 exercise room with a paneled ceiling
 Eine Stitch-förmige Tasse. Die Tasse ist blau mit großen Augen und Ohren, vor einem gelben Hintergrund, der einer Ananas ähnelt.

****************************************

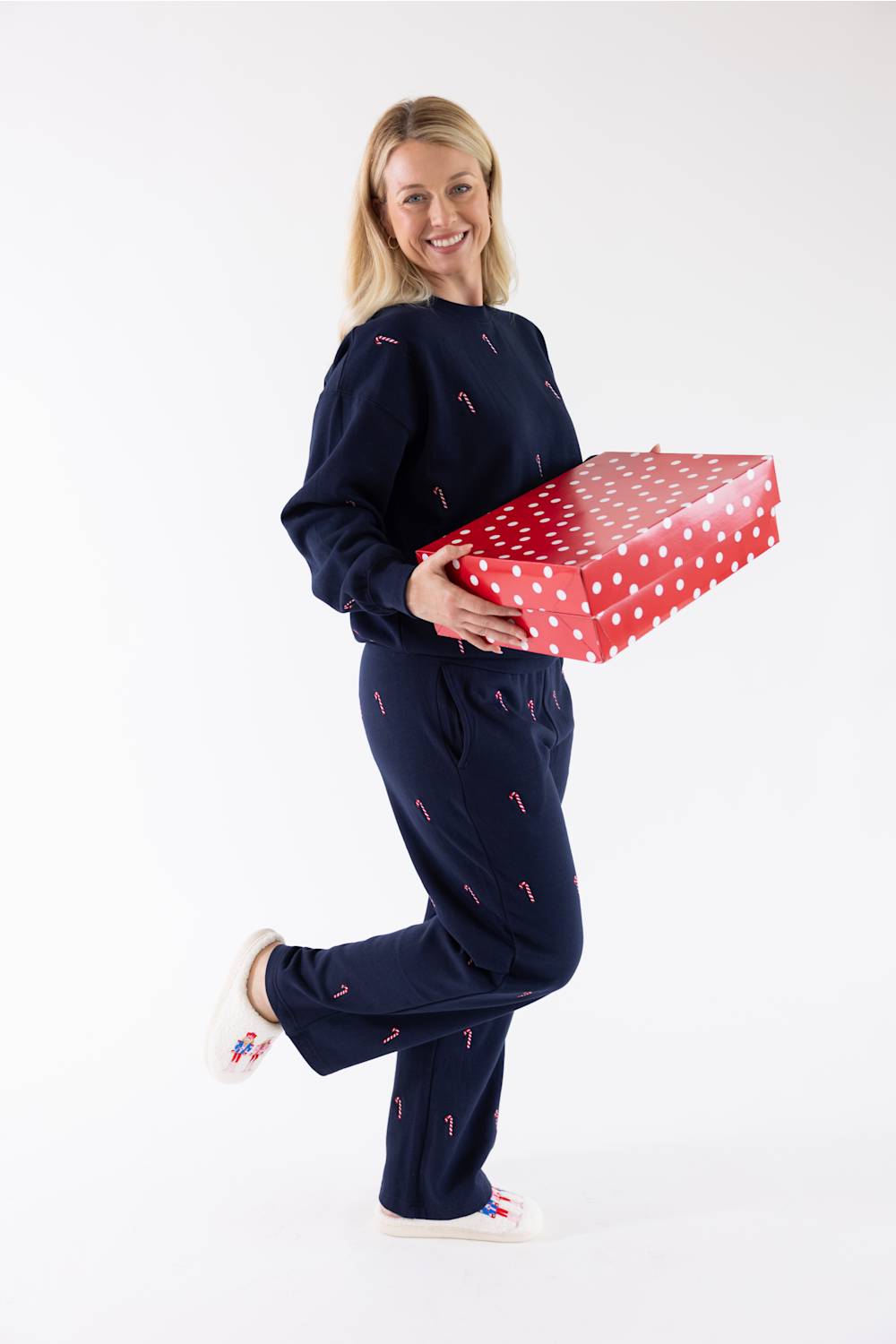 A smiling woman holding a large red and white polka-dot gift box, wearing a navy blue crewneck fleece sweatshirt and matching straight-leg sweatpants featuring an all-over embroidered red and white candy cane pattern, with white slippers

****************************************

Restate word for word only the lines above from the line containing "exercise room with a paneled ceiling" to the line containing "Eine Stitch-förmige Tasse.", both of them included.

**Exercise result**
 exercise room with a paneled ceiling
 Eine Stitch-förmige Tasse. Die Tasse ist blau mit großen Augen und Ohren, vor einem gelben Hintergrund, der einer Ananas ähnelt.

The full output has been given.